Back to work advice for estate agents

How is the property market recovering?

A quick bounce-back was expected by many, given various pieces of research showing strong sentiment from buyers and sellers and a large amount of pent-up demand.

But some of the figures released since lockdown started to be eased and the property market returned to work have been staggering.

For example, on Wednesday May 27, just two weeks after the property industry resumed, Rightmove saw visits exceed six million in a day for the first time, up 18% on the comparable day of 2019.

The busiest ever day with regards to time spent on Rightmove was Saturday May 23, with over 47 million minutes spent collectively.

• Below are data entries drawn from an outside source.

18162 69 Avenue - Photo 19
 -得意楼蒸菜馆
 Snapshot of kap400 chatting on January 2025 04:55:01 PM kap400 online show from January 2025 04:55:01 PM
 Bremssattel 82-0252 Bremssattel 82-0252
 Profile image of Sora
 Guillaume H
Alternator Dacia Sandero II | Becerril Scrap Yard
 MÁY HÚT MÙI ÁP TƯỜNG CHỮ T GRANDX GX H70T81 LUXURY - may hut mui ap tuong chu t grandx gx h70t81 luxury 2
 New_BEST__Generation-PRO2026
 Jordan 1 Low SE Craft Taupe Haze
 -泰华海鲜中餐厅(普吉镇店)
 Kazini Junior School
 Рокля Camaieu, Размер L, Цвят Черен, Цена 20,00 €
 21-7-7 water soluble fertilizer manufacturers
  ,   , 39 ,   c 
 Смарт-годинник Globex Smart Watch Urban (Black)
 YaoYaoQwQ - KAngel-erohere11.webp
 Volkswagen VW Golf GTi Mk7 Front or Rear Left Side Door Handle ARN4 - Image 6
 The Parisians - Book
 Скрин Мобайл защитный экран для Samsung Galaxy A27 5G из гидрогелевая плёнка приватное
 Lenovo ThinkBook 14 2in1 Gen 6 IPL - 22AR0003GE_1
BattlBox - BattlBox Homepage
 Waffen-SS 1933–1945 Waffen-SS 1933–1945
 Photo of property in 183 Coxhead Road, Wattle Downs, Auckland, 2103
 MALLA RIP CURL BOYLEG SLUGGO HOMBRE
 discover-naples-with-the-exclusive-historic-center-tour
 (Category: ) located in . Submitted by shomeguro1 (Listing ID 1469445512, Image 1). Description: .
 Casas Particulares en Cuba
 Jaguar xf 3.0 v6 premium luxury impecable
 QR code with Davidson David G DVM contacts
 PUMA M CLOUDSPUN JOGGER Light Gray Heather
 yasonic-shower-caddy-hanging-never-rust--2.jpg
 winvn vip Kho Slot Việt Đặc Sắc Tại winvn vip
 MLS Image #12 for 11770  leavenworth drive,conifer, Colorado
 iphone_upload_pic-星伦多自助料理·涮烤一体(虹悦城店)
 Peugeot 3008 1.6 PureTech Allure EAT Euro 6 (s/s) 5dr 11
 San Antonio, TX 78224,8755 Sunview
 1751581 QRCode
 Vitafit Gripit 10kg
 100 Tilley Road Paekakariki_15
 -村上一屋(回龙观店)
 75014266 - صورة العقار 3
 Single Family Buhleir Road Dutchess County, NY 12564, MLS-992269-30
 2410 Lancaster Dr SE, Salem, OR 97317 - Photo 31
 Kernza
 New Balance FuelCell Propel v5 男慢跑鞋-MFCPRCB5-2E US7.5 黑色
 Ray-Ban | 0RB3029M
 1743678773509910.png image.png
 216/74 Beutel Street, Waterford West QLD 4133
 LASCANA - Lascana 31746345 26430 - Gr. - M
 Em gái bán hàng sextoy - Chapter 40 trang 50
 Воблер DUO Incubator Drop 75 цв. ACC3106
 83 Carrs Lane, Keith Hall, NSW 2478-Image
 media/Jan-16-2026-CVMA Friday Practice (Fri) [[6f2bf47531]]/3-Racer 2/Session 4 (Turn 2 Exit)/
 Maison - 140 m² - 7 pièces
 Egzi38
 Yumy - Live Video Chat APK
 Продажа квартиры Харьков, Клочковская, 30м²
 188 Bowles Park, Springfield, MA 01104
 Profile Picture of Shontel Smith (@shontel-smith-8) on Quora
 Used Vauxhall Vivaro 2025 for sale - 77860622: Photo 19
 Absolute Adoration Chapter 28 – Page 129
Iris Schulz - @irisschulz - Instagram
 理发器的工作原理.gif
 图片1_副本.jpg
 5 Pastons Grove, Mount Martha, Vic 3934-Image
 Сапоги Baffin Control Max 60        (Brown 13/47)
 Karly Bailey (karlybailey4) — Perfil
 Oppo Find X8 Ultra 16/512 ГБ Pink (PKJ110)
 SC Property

The site says home-mover momentum has been building since the housing market reopened in England, with ‘a new wave of buyers now entering the market’ since the easing of lockdown.

Over a quarter of buyers who had no plans to relocate earlier in the year are now planning to move, according to the findings.

While some monthly house price indices have held off on their usual reports, because of a lack of data, the latest findings suggest that prices have still been increasing despite the uncertainty caused by Covid-19. According to Zoopla, the average UK house price rose by 2.4% between April 2019 and April 2020, and by 1.9% across the portal’s top 20 cities.

Zoopla’s latest Cities Index Report recorded a surge in activity from buyers, sellers and those in the private rented sector in May.

In the week after the government’s housing market announcement, buyer demand grew by 88%. The spike in part represented how low the market had fallen, but Zoopla expects this trend to continue, albeit at a steadier pace over time.

According to the report, the north of England and a number of coastal towns saw a huge revival in demand. There was, however, a much smaller rebound in demand for London property.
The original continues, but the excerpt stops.